Many people do not have the time or skills to find free information online. If you can bring information of interest to them to their attention, they may be as willing to pay for it as they do for other books, recordings, etc. This is especially true if you package the material attractively, conveniently and understandably.

3. Do you need to tell people where the material came from?

That's up to you. In some cases, telling them of the government origin of the information greatly boosts its credibility. Sometimes you may want to let buyers know that the content is available for free but in hard-to-find or hard-to-use locations. The three examples below make it clear why shoppers might not care about that at all.

Repurposing Three Types of Government Information

1. Foreign language courses.

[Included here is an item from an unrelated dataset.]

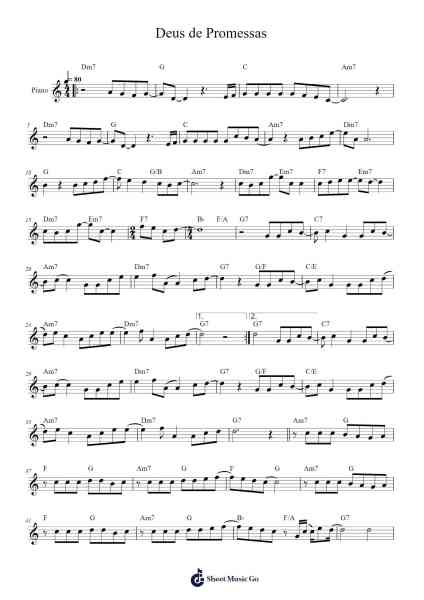 Deus de Promessas Sheet Music by Davi Sacer-Arr.Tralind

Over the years, the U.S. government has financed the creation of self-study courses in dozens of languages for the use of government personnel headed overseas. Many private companies now sell courses based on the original recordings and printed study guides. Whereas originally they were distributed on cassette with an accompanying paperback book, now you can purchase the very same courses as downloads or as a colorfully packaged CD/book set.

There is still room for innovation in this arena. You could reorganize the lessons, deliver them by subscription, sell them on a preloaded audio player, make them part of a paid membership site, provide them as a free bonus for travel products, add images to transform them into movies, change the content so it's especially suitable for children, etc.